Stonewater received the rating along with a stable outlook which puts it at the upper end of the sector, less than two weeks after S&P downgraded five large housing associations over increases in their market sales programmes.
All of the associations downgraded by S&P have most of their homes in London, where the current housing market is seen as riskier than in the rest of the country.
In its judgement, S&P said: “The rating reflects that we expect Stonewater to demonstrate stable financial performance through efficiently managed costs and strong profitability from its expanding property portfolio, which focuses closely on traditional social housing.
“This will negate pressure from welfare reforms and mitigate risks from higher leverage as Stonewater pursues its development program, supporting balance sheet resilience through 2021. As such, we project debt service metrics to remain contained over our 2019-2021 forecast horizon.”
The agency predicted that market-related activities at the association would, by 2021, account for around 17% of its revenues, which, it said, “could bring some uncertainty to profitability”.

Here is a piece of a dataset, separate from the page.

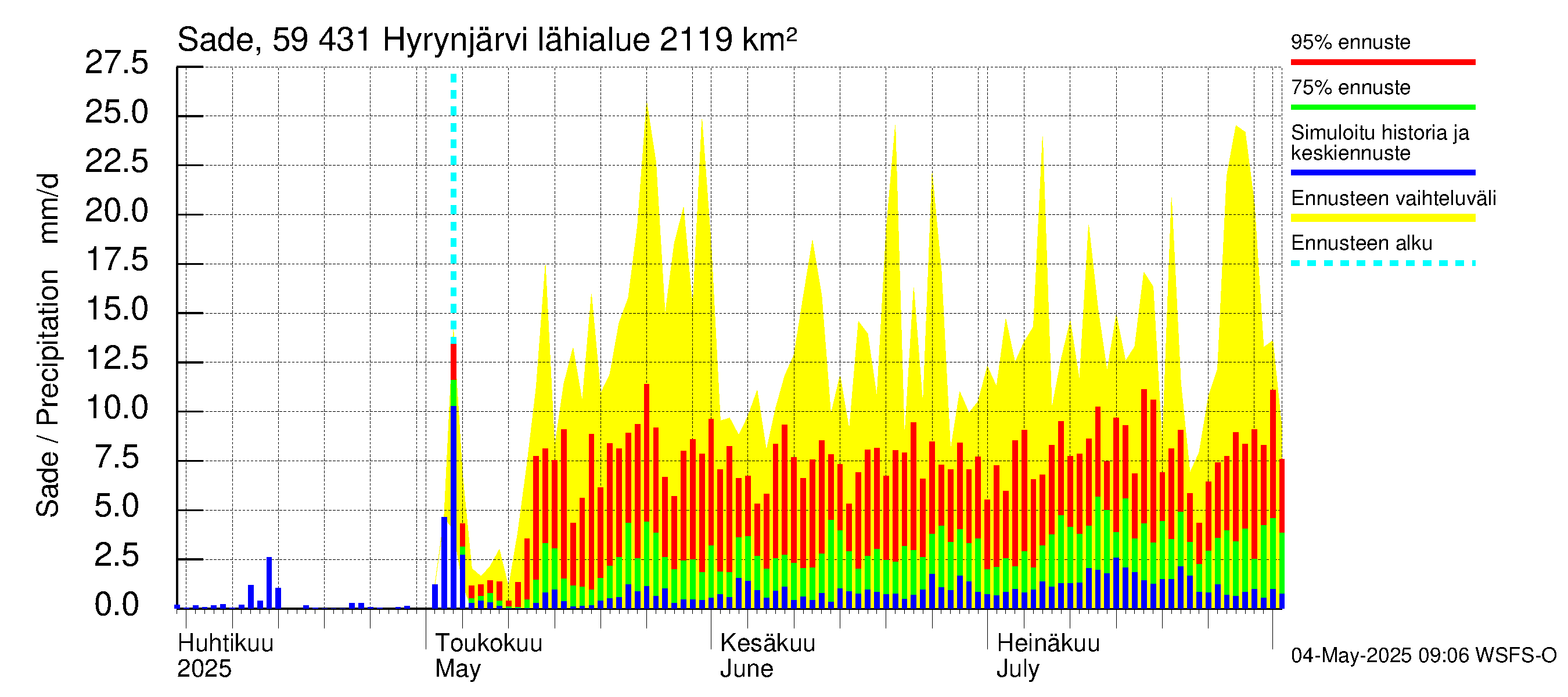 Oulujoen vesistöalue - Hyrynjärvi: Sade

This percentage, however, is relatively small compared with some in the sector, particularly London-based associations.
John Bruton, finance director at 31,500-home Stonewater, said: “This latest A+ rating highlights Stonewater’s strong financial performance in a challenging economic climate for social housing providers.
“We will continue to focus on increasing our investment in providing more good quality, affordable homes across a range of tenures.”
Stonewater issued £250m worth of bonds in November last year, but did not plan to raise any money from it immediately, instead retaining the entire bond to provide a flexible source of funding in future.
The association aims to increase the number of homes it builds annually, from 717 completions in 2016/17, to more than 1,000 new homes in 2019/20 and an additional 3,750 new social and affordable homes by 2022.